Here is a small vase I turned out of Maple Burl. Mike Smith threw this piece in to see what I could do with it. It is 5" high with the pedestal and 3 1/2" across. Sanded to 400 grit and finished with rattle can lacquer. Walnut base dyed with india ink.


----------



## Bob N (Oct 12, 2004)

Out done yourself again on this one too. I think you have graduated to "Pro" now. :dirol:


----------



## dovetail_65 (Jan 22, 2008)

Very pretty.


----------



## Ralph Barker (Dec 15, 2008)

Looks great, Bernie. Love the black base.


----------



## BernieW (Sep 12, 2006)

Thanks again. This one was a lot of fun to do and I am looking for a piece of maple burl hopefully 4 or 5 times this size.


----------



## CanuckGal (Nov 26, 2008)

Outstanding Bernie!


----------



## BernieW (Sep 12, 2006)

Thanks Deb.


----------



## Tom in indy (Oct 29, 2009)

Bernie,
that is beautiful !


t


----------



## BernieW (Sep 12, 2006)

Thanks Tom.


----------



## Maurice (Sep 24, 2004)

Exquisitely done Bernie, we're all green with envy.


----------



## xplorx4 (Dec 1, 2008)

Again very well done Bernie, keep this up and we will run out of words of praise and will have to say things like "speechless", or "over the top"!!!
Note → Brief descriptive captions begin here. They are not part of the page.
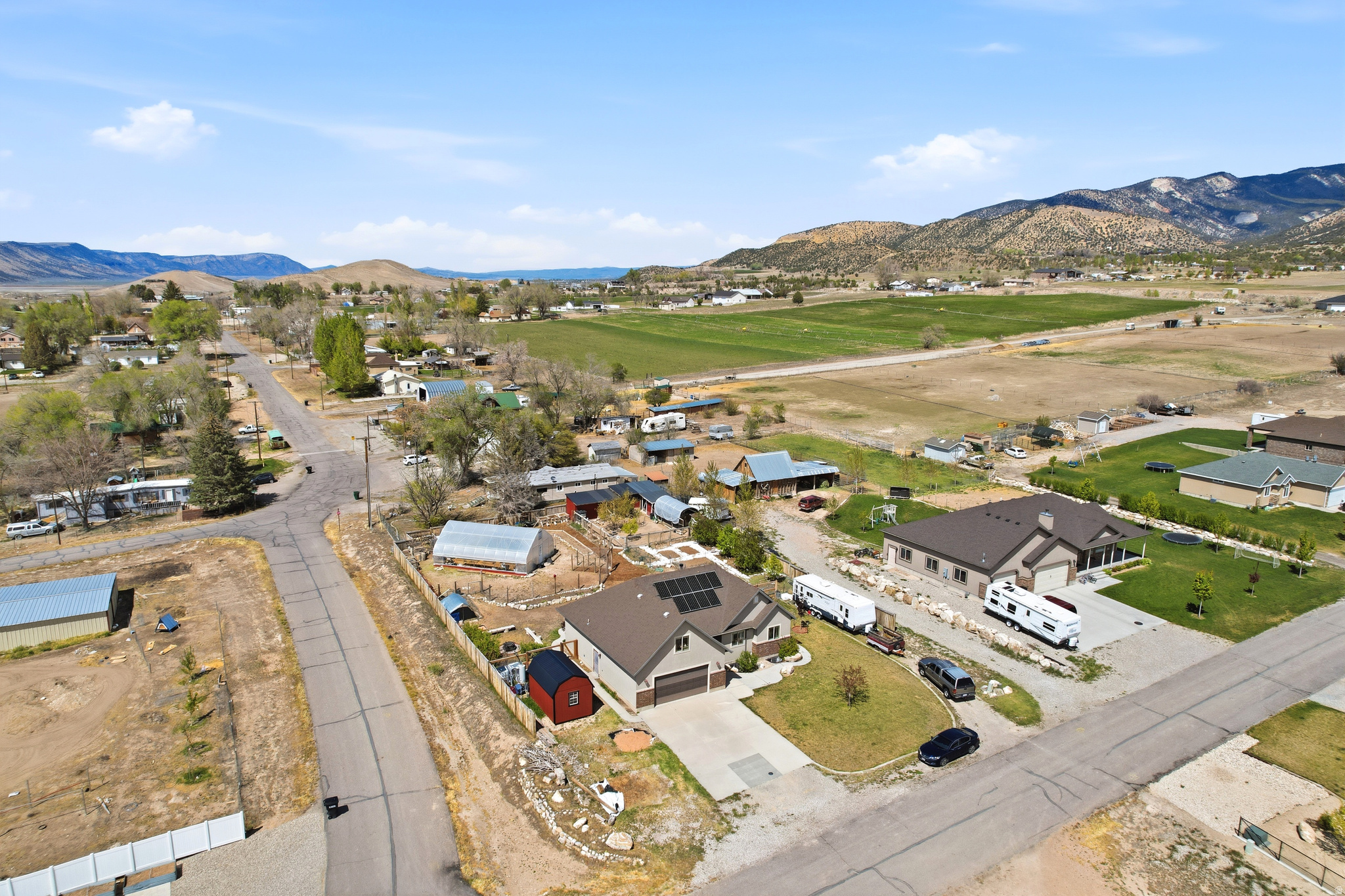 LAKE VIEW ESTATES - Residential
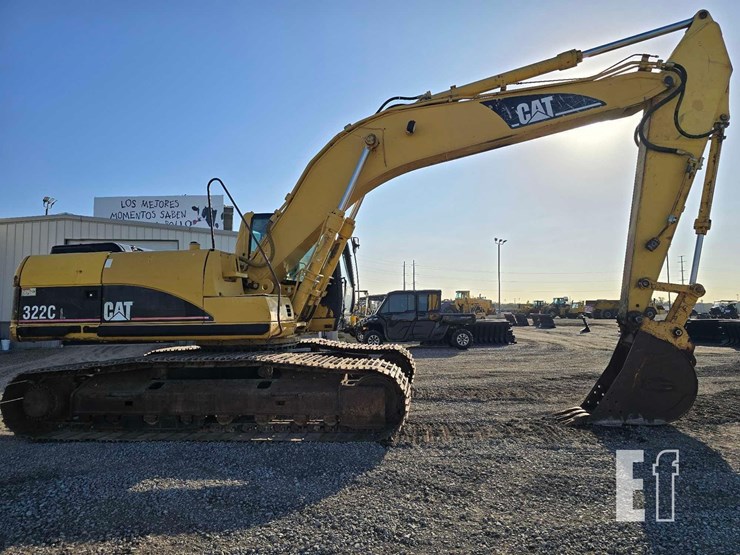 2005-caterpillar-322c-image-9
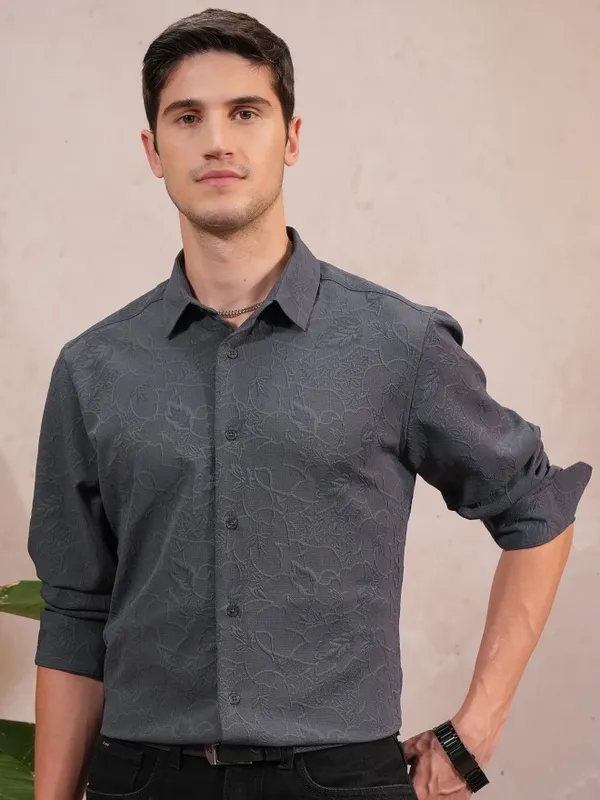  Locomotive Men Grey Self Design Slim Fit Casual Shirts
Bernie I for one wish you lived close enough that I might come and see the master at work!!


----------



## BernieW (Sep 12, 2006)

Maurice and Jerry thank you. Jerry I think we could come up with something to do.


----------



## Christopher K. Hartley (Feb 1, 2011)

Nice work Bernie, I really like this one.:yes2:


----------



## Bob N (Oct 12, 2004)

Hi Chris,

Glad to see you found us over here. Never hurts to wander from SMC now and then:yes4:

Hope you will hang out with us and help Bernie teach us old hard heads how to turn


----------



## BernieW (Sep 12, 2006)

Thanks Chris. Good to see ya here.

Bob I think Chris will teach me a thing or two.


----------



## arlan (Mar 2, 2011)

Very nice. Great natural edge.


----------



## BernieW (Sep 12, 2006)

Thanks Arlan.


----------